▶ _Your instructions_
Word for word, restate each of the entries below, and drop every picture.

[Records excerpted from a collection]
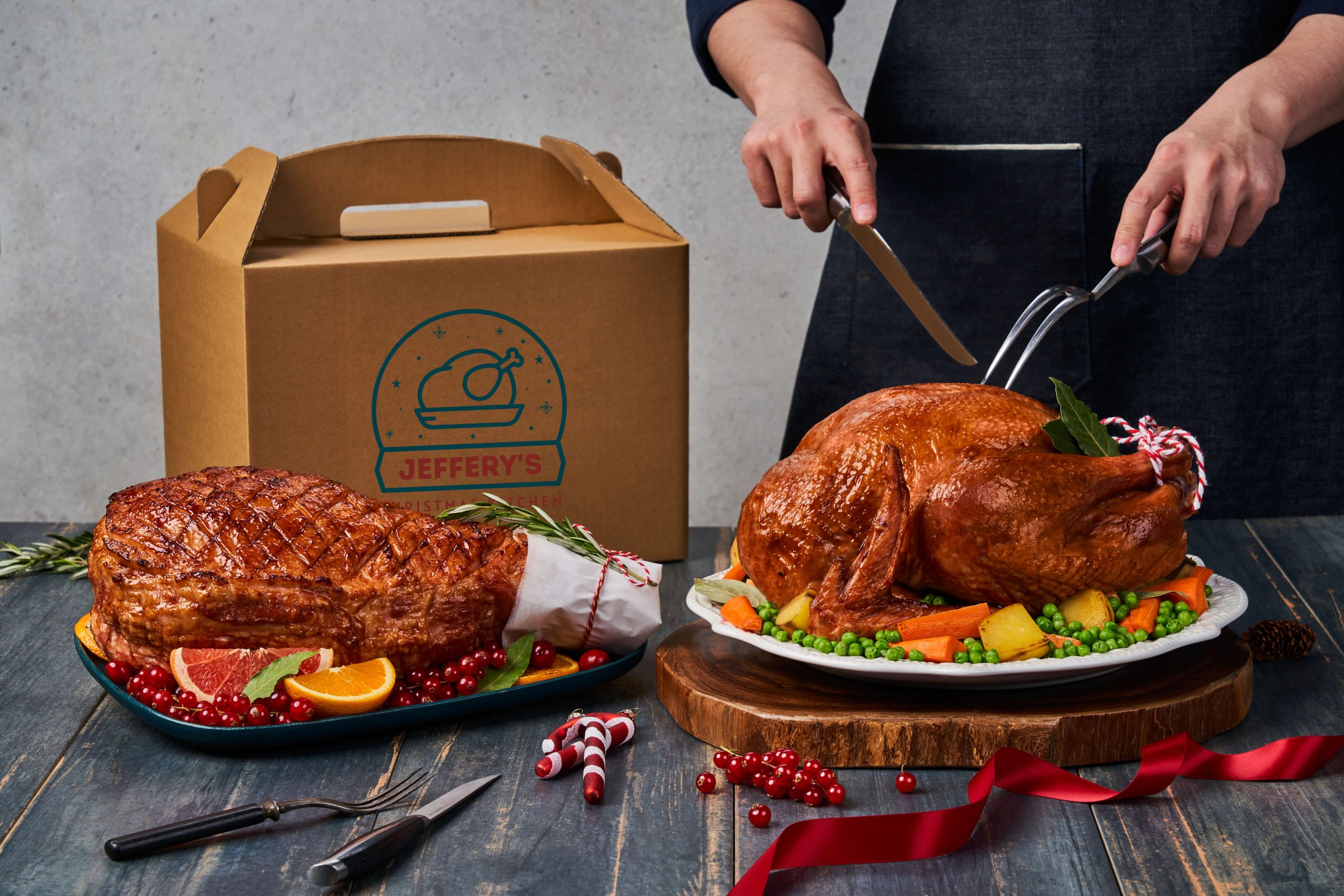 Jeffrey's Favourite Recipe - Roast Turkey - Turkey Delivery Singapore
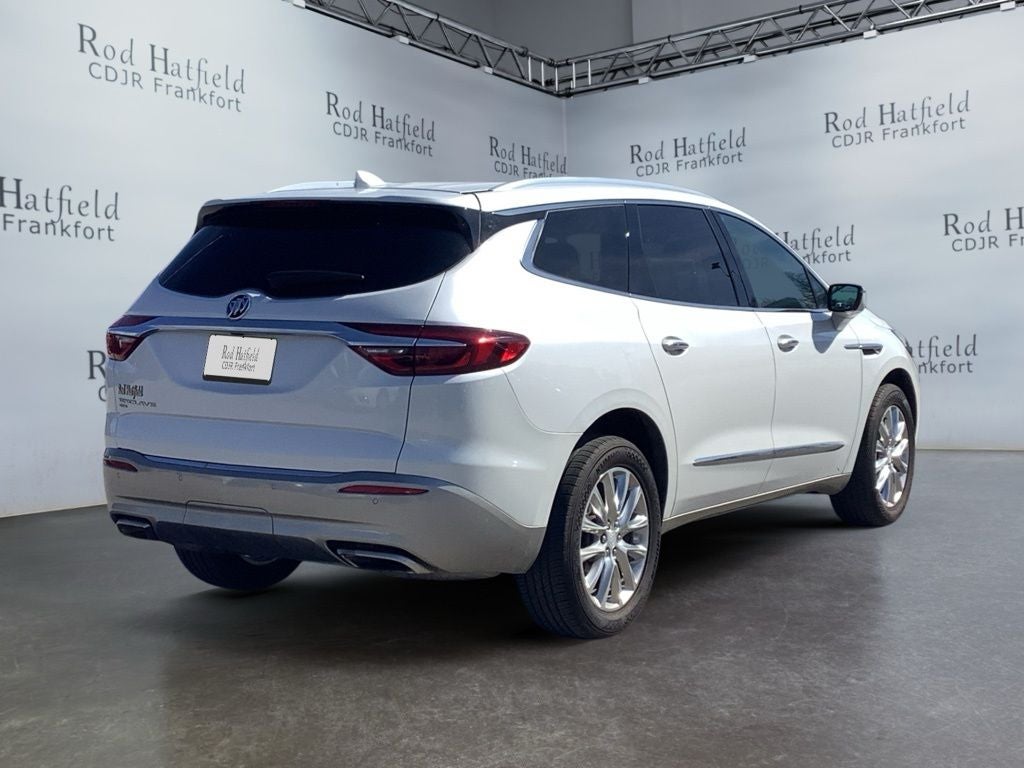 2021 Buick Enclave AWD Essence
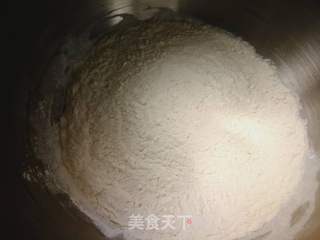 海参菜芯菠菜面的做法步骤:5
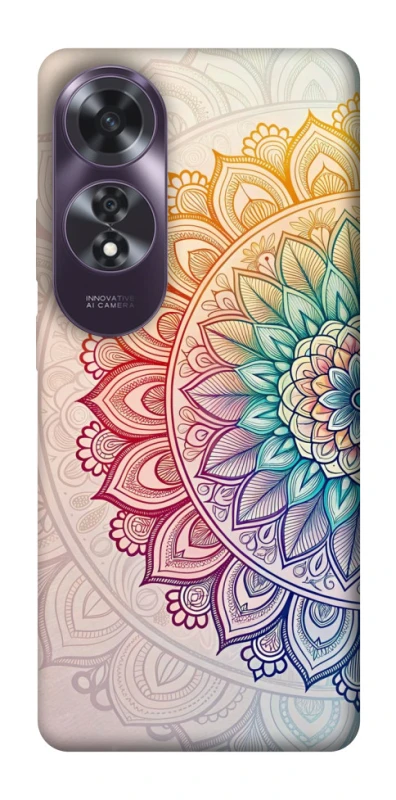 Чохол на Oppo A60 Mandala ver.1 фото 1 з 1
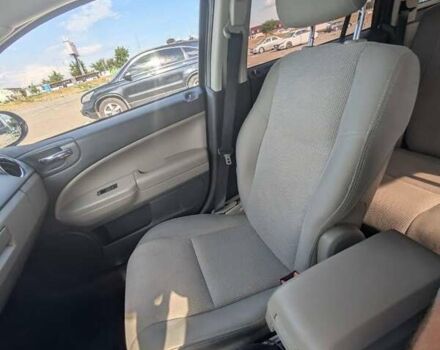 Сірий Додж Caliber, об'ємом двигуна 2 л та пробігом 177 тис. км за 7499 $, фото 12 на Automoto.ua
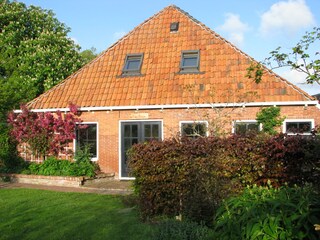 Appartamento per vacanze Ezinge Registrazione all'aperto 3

▶ _Answer below_
 Jeffrey's Favourite Recipe - Roast Turkey - Turkey Delivery Singapore
 2021 Buick Enclave AWD Essence
 海参菜芯菠菜面的做法步骤:5
 Чохол на Oppo A60 Mandala ver.1 фото 1 з 1
 Сірий Додж Caliber, об'ємом двигуна 2 л та пробігом 177 тис. км за 7499 $, фото 12 на Automoto.ua
 Appartamento per vacanze Ezinge Registrazione all'aperto 3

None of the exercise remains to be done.